Dear ST Support Team,

I am currently working on a binary voice classification task on the STEVAL-STWINBX1 (for example, “echo” vs “other”) using NanoEdge AI Studio 5.0.2, and I would like to ask for your advice.

My workflow

  1. Data collection

    • I use STEVAL-STWINBX1 to collect voice data.

    • Each sample is 1 second long.

    • I collected more than 200 samples per class.

    • Data acquisition firmware:

      • fp-sns-datalog2\fp-sns-datalog2\STM32CubeFunctionPack_DATALOG2_V3.1.0\Projects\STM32U585AI-STWIN.box\Applications\DATALOG2

  2. Dataset conversion

    • I use batch_to_nanoedge.bat to batch-convert the collected files into NanoEdge-compatible format.

  3. Training in NanoEdge AI Studio 5.0.2

    • I import the converted data into NanoEdge AI Studio 5.0.2

    • Perform Data Management (DM)

    • Train a classification model

    • Many generated models show accuracy above 97% in Studio

  4. Deployment to MCU

Problem

Although the classification accuracy in NanoEdge AI Studio is very high (often >97%), the real-time classification accuracy on the MCU is very poor.

My question / suspicion

I suspect that the data used by NanoEdge AI Studio for training/classification may not be the same representation as the raw data sent to the NanoEdge library on the MCU. For example:

  • Studio-side data may be normalized, or

  • converted using microphone sensitivity scaling
    while the MCU-side classifier may be receiving raw sensor data directly.

This possible mismatch might explain the large accuracy gap between Studio and MCU deployment.

Questions

  1. Is there any issue with the workflow I am using?

  2. For voice classification on STEVAL-STWINBX1, what is the recommended way to ensure that the training data format and MCU runtime input format are strictly consistent?

  3. Does NanoEdge AI Studio expect raw sensor samples, sensitivity-scaled values, or normalized inputs for this type of workflow?

  4. Have you seen similar cases (high Studio accuracy but poor MCU accuracy), and what are the common causes / best practices to solve them?

Any guidance would be greatly appreciated.

Thank you very much for your support.

Best regards,

1 REPLY 1
Julian E.
ST Employee

Hi @dzf,

 

Your workflow seems correct.
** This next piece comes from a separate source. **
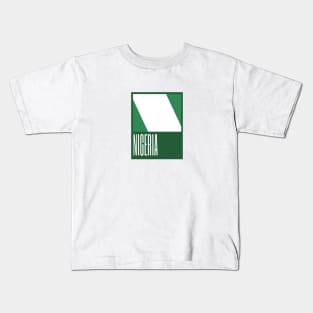 Nigeria Country Symbol Kids T-Shirt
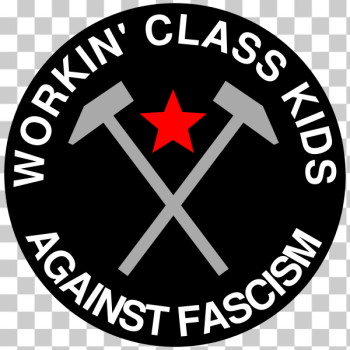 SVG Working class kids against racism vector image SVG Working class kids against racism vector image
I suspect overfitting or an issue in your firmware.

 

Could you please split your data in a train and a test set (70%/30%). Please shuffle them before the split.

Then run a benchmark with the train data and use the "Validation step" to test some libraries with the test data.

 

What could happen is that the last libraries overfit on the data making them work well on training data, but not so much on "new"/test data.

 

If you have bad validation results, this is probably an overfitting problem:

  • Try to use more data for the benchmark
  • Try to see if "worse libraries" or libraries found earlier in the benchmark work better.

If you have good validation results, then the problem is not coming from the library:

  • Make sure that the data you acquire in the firmware to run the inference are exactly the same as the ones you collected to train the model.
  • Make sure that your sensor is collecting data correctly.